I want to track changes in population of Indonesian regencies across census rounds. IPUMS does not get me there...


I have downloaded IPUMS data for Indonesia, and want to track the change in population of the different regencies (kabupaten) across census rounds. However, there are some issues:

  1. The number of cases varies dramatically across census rounds. For example, for regency Magelang, I have 2791 cases (=people?) for the 2005 census round, but 117467 for the 2010 census round. The population can impossibly have changed by that much…what is the problem?

  2. Interestingly, for the 2010 census round, it seems like the true population is always pretty much ten times the cases in IPUMS; actual population data from the 2010 census is made available here (for the Central Java province, which hosts the Magelang regency): http://sp2010.bps.go.id/index.php/sit…. Can that make sense?

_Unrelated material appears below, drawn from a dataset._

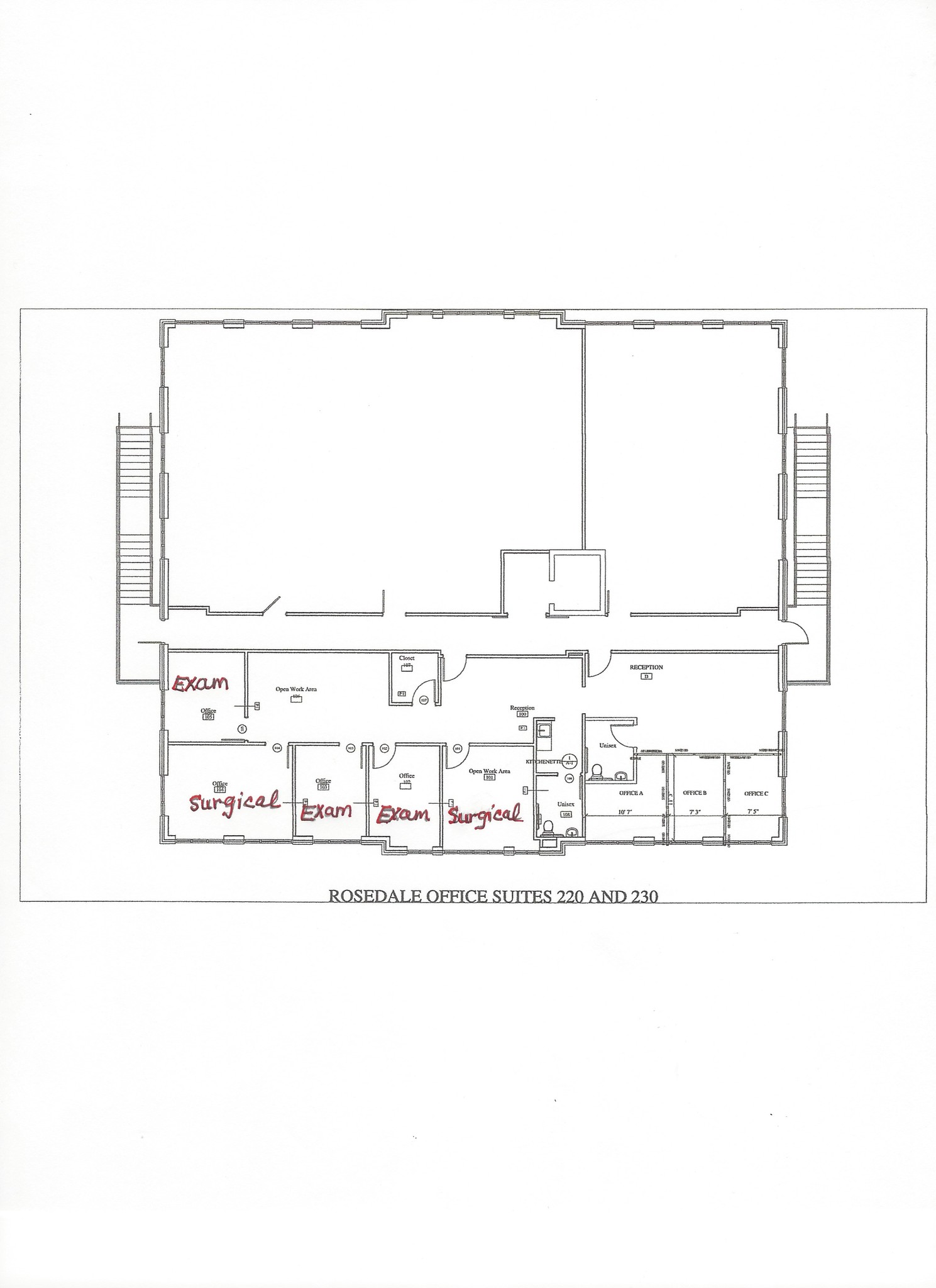 10210 Hickorywood Hill Ave, Huntersville, NC en venta Foto del edificio- Imagen 1 de 1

But even if so, how do I treat the 2005 number of cases, i.e. 2791?

As a final question, is IPUMS even the right data to consider?

I would really appreciate some helpful comments! Thank you.



The IPUMS data is for researchers who, first, study the documentation, then select the microdata needed, and finally download and analyze the data using statistical software. If all you need are population counts then you may wish to look elsewhere.

The first place to study IPUMS doucmentation is the sample descriptions. Clicking the sample description tab on the IPUMS home page, brings up this page for Indonesia: https://international.ipums.org/international/sample_designs/sample_designs_id.shtml .

By scrolling down to the sample fraction, you will see that the 2010 sample fraction is 10%, and the 2005 sample is 0.51%. So to get a rough idea of person record counts in the various samples, 2010 counts should be multiplied by 10 and 2005 by 200. More information is provided by the person weight variable, wtper: https://international.ipums.org/international-action/variables/WTPER#description_section

Because the data are samples, population counts will have sample errors. For small regencies, the confidence intervals may be quite large.

Second, is the variables. The title of the regency variable is:

| geo2b_id | Regency, Indonesia [Level 2; inconsistent boundaries, harmonized by name] | |

If consistent areal boundaries is what you need for the Regency variable (Level 2 for Indonesia), then at present they are not available from IPUMS. Harmonizing geography by area is a challenge. For many countries, including Indonesia, Level 1 geography is harmonized by area ( geo1a_id for Indonesia) . We are working on harmonizing level 2 geography by area. It is a slow process, particularly, as in the case of Indonesia, where the census agencies does not provide the detailed documentation required for doing this.

If you have or find documentation for harmonizing Indonesian regencies by area over time (codes for sub-districts in each census or survey), we would very much appreciate a copy.